In advance of the 17 September Council Working Party meeting, the German Presidency circulated a note discussing revised amendments to the MiFID Quick Fix proposal. In general, the proposed amendments stayed largely in line with the Commission proposal. Nevertheless, the Presidency proposed to exempt plain vanilla bonds and UCITS from the product governance requirements in execution-only situations as well as instruments sold exclusively to eligible counterparties, which is largely in line with Ferber’s draft report. On loss reporting, the temporary suspension of best execution reports and investment research, the Presidency now proposes to follow the original Commission proposal.

With regard to the Commission proposal on an EU Recovery Prospectus, the Council Presidency has come back from the idea of capping the use of the prospectus and is now following the Commission proposal on this issue. In contrast, the Presidency proposes, amongst others, to delete the reference to NCAs in relation to public disclosure obligations of issuers. It also suggests adding new items under the information that must be disclosed by the issuer in the EU Recovery Prospectus, such as information on legal and arbitration proceedings, a statement of capitalisation and indebtedness and information on related party transactions.
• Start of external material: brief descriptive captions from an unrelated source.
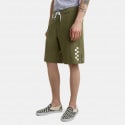 Vans The Daily Solid Boardsh Olivine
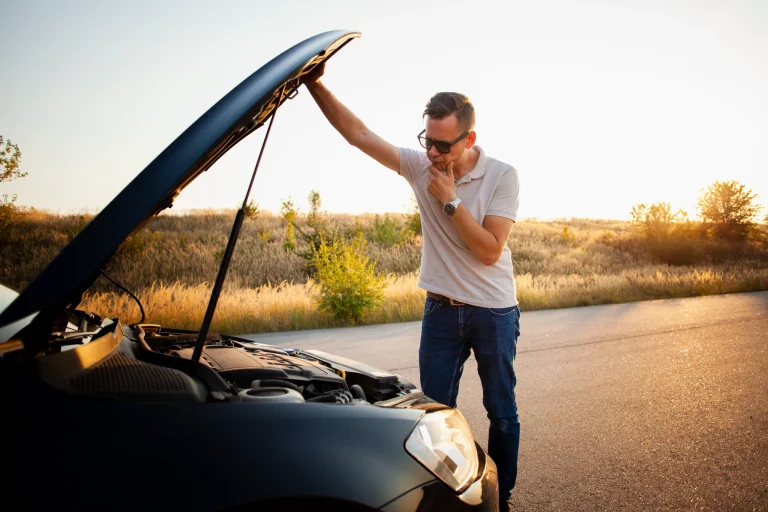 Top Mistakes to Avoid When Purchasing a Used Vehicle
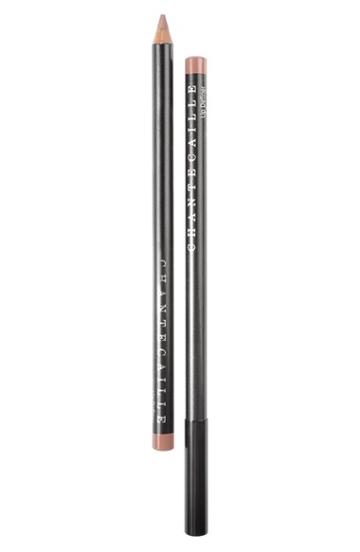 Chantecaille Lip Definer - Nuance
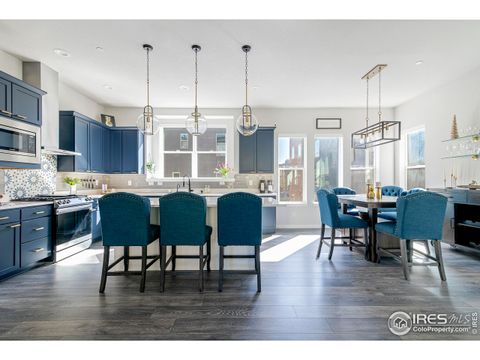 438 Meridian Ln Superior CO 80027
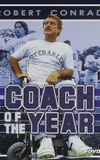 Coach of the Year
Finally, in addition to increasing the threshold for prospectus-free issuances of a number of debt securities by credit institutions to EUR 150 million, the Presidency proposes to apply it in relation to admission to trading as well.
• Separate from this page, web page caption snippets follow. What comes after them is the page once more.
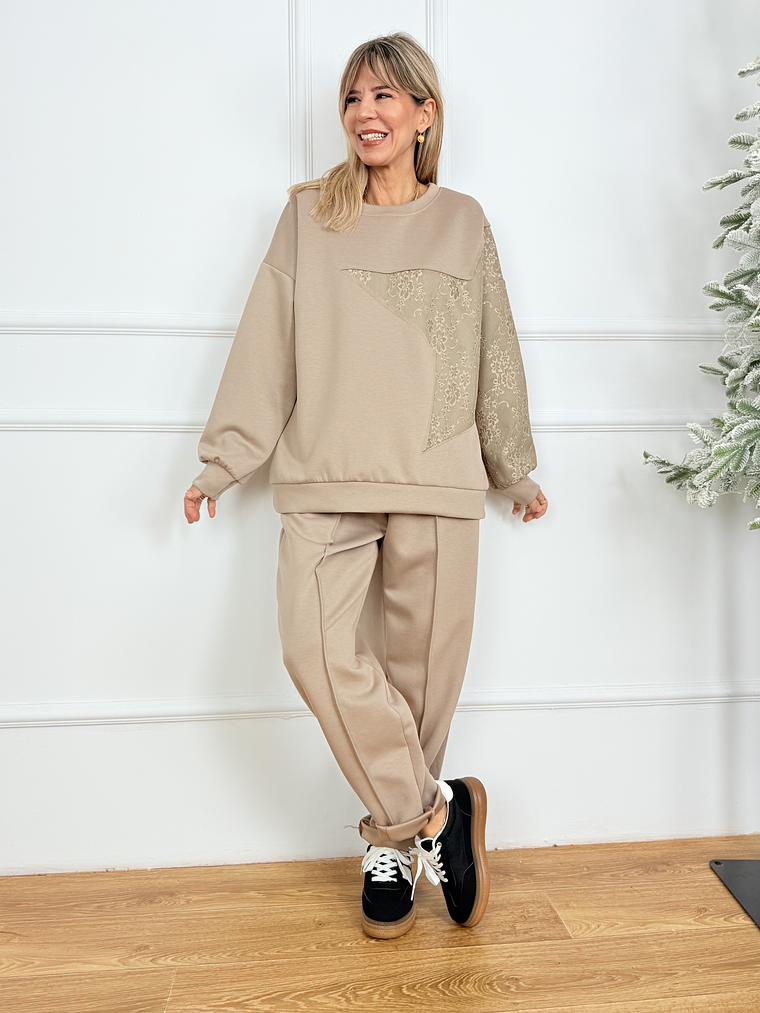 Bright Set 1227 Pourou 2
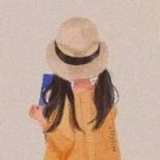 达美乐在逃炸鸡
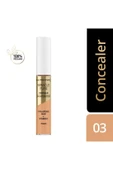 MAX FACTOR Miracle Pure Concealer 02 - 3
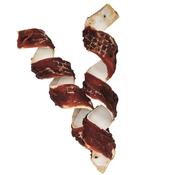Nobby StarSnack Duck Spiral 16cm image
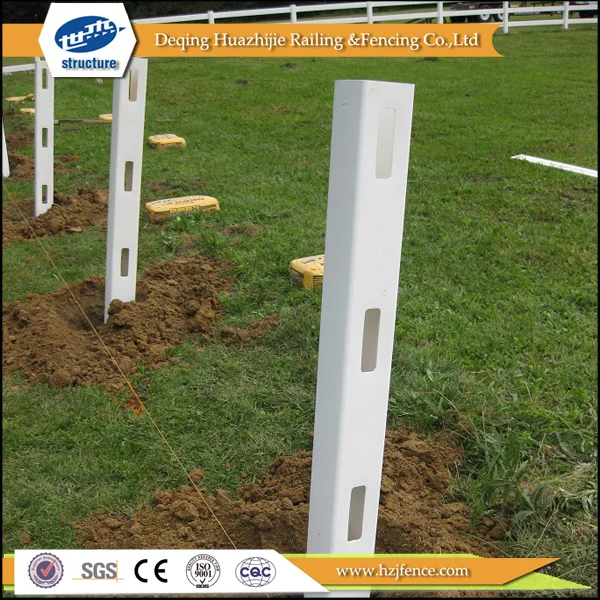 Plastic Vinyl Used Fence Post For Sale Buy Used Fence Post For Sale,Vinyl Used Fence Post For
With respect to the proposed amendments to the Securitisation Regulation, the Presidency proposed a number of amendments:

  • To add an extra point in Article 26e(9) stating that collateral can be held in the form of cash by a third-party credit institution or the originator if that cash is segregated and distinguished from the assets of the third-party credit institution or originator.
  • To keep simple forms of synthetic excess spread (SES) in the list of simple, transparent and standardised (STS) securitisations-criteria for synthetic on-balance sheet securitisations, as specified in Article 26e(6) of the Securitisation Regulation, but to limit the scope of Article 270 of the Capital Requirements Regulation (CRR) to those transactions that do not involve any forms of committed SES. The European Banking Authority would get the powers to monitor the use of a differentiated capital treatment of STS synthetic on-balance sheet securitisations;
  • To add a new Article 494c CRR introducing a grandfathering rule for outstanding senior positions in synthetic on-balance sheet securitisations to which originator institutions have applied the Article 270 CRR currently applicable.
  • On non-performing exposures securitisations, the presidency acknowledges the broad support for introducing a dedicated prudential treatment, but wants to wait for the adoption for the corresponding Basel standard before adopting such a provision.